§ **Work instruction**
Extract every entry word for word. Skip the pictures.

***** Available records

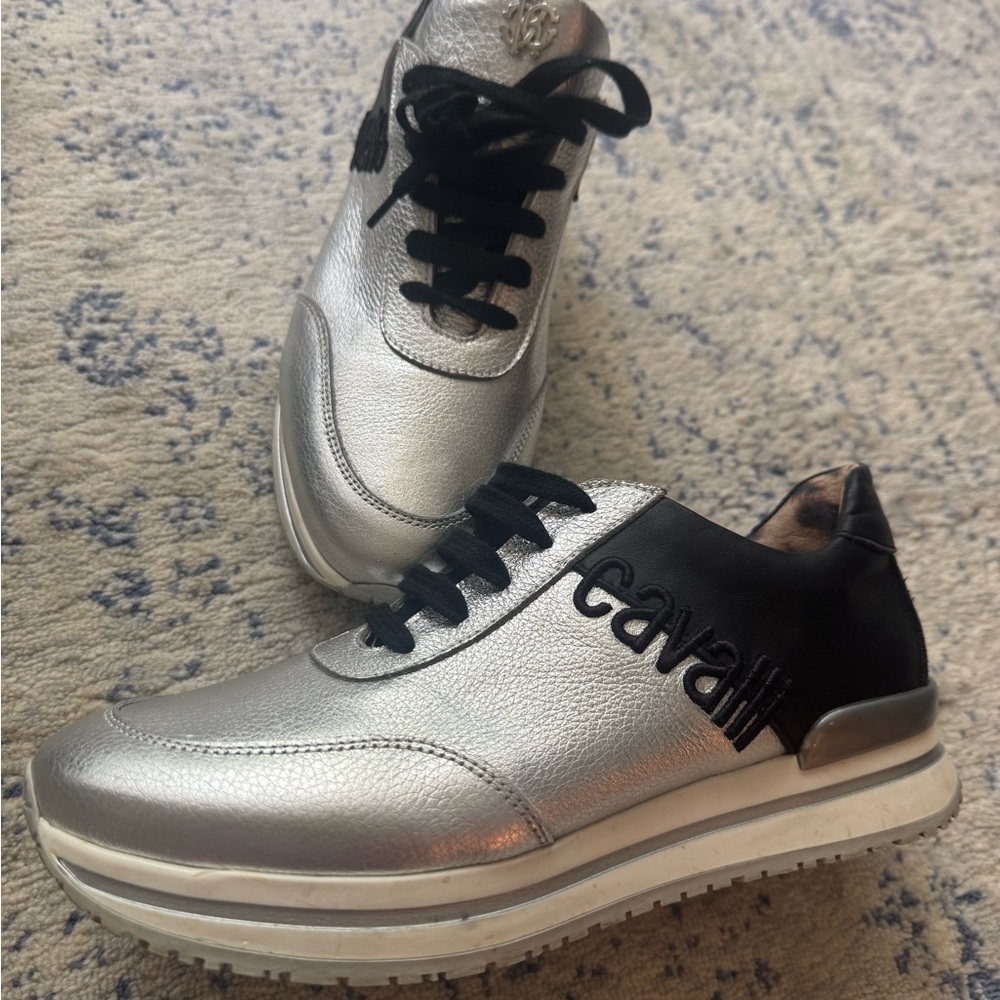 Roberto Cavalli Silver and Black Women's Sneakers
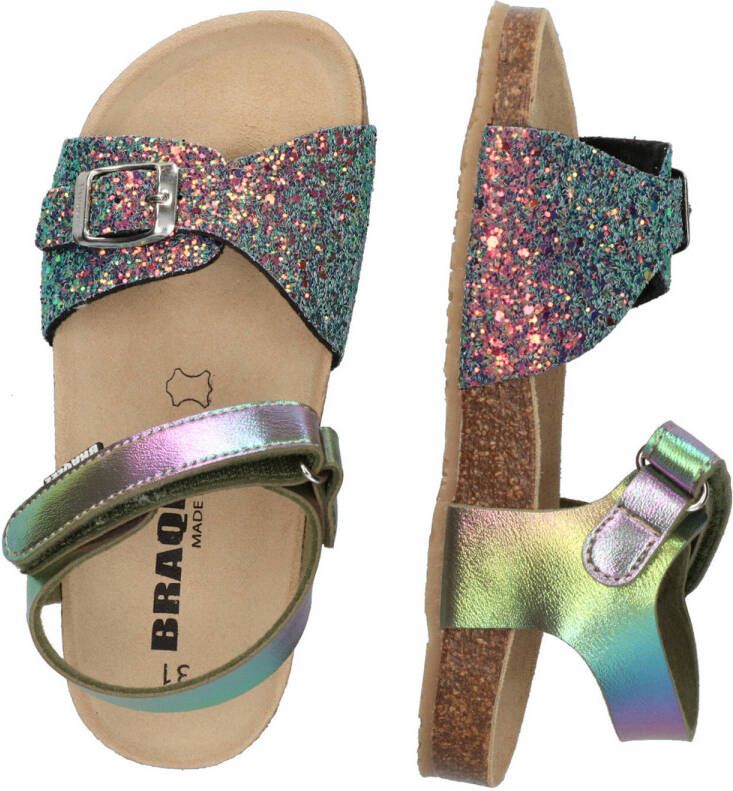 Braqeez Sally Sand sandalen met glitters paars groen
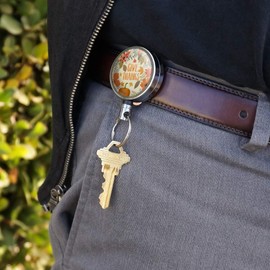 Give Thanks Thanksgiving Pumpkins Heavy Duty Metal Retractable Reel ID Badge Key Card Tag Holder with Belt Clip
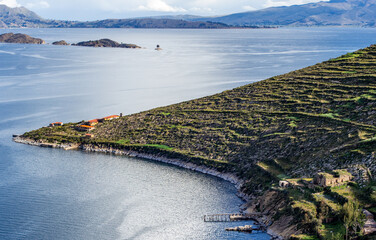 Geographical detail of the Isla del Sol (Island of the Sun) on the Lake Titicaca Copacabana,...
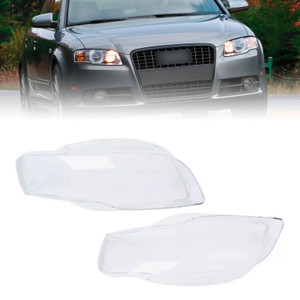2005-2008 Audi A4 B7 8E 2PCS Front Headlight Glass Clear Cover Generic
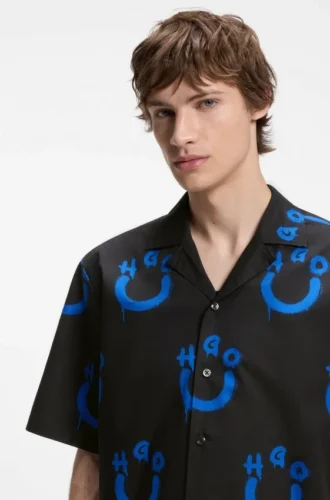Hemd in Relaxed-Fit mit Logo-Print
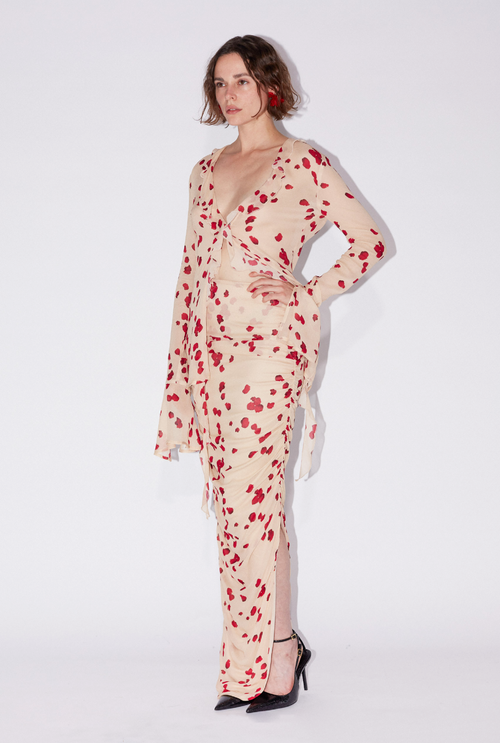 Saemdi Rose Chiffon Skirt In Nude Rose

**********

§ **Answer space**
 Roberto Cavalli Silver and Black Women's Sneakers
 Braqeez Sally Sand sandalen met glitters paars groen
 Give Thanks Thanksgiving Pumpkins Heavy Duty Metal Retractable Reel ID Badge Key Card Tag Holder with Belt Clip
 Geographical detail of the Isla del Sol (Island of the Sun) on the Lake Titicaca Copacabana,...
2005-2008 Audi A4 B7 8E 2PCS Front Headlight Glass Clear Cover Generic
Hemd in Relaxed-Fit mit Logo-Print
 Saemdi Rose Chiffon Skirt In Nude Rose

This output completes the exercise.